## Task instructions
Would you copy the listing below exactly, keeping the pictures out?

## Supplied material
++++++
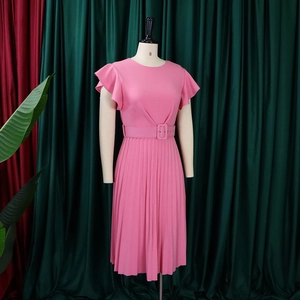 Detailed view of pink pleated dress with ruffle sleeves and matching square buckle belt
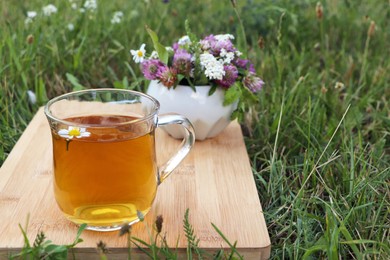 Cup of aromatic herbal tea and ceramic mortar with different wildflowers on green grass outdoors. Space for text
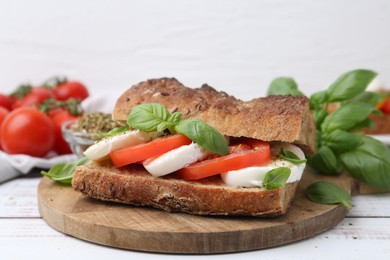 Photo of Tasty sandwich with mozzarella cheese, tomatoes and basil on white wooden table, closeup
++++++
## Response area
 Detailed view of pink pleated dress with ruffle sleeves and matching square buckle belt
 Cup of aromatic herbal tea and ceramic mortar with different wildflowers on green grass outdoors. Space for text
 Photo of Tasty sandwich with mozzarella cheese, tomatoes and basil on white wooden table, closeup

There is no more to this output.